By Hannah Van Demark

Entering into my senior year in the fall 2014, I hoped to write my thesis on the 1994 U.S. intervention in Haiti. During the summer 2014, the National Archives released thousands of Clinton records including details of the consideration of military action in Haiti during the early 1990s. Most of the newly released documents are available exclusively at the Clinton Presidential Library. The History Department constantly reinforces the importance of “going to the source,” and, as a senior history major, I was excited about the prospect of conducting original research at the Clinton Presidential Library. Thanks to the generosity of the Evalyn Clark Fellowship, I had the opportunity to do just that.

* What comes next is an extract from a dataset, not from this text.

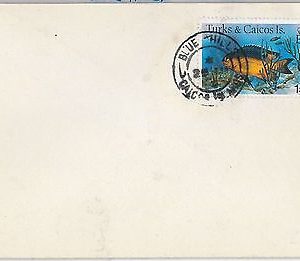 Turks & Caicos -  POSTAL HISTORY - COVER with nice postmark: BLUE HILLS CAICOS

During October 2014, I was in Little Rock for four days and spent each of the days in the Clinton Archives from 9 a.m.–4 p.m. Four collection lists were particularly useful to my research, including the national security council records regarding Haiti, communications between Clinton and his National Security Advisor Anthony Lake regarding Haiti, the Administration’s record on President Jean-Bertrant Aristide of Haiti, and records of Clinton’s National Security Council Foreign Policy Speechwriter Anthony Blinken. Analyzing these recently declassified documents gave me a much greater understanding of the internal discussions and considerations leading up to the 1994 U.S. intervention into Haiti. After being told to “go to the source” over the last three and a half years, I am very grateful I had the opportunity to visit the Clinton Presidential Library to conduct research for my senior thesis.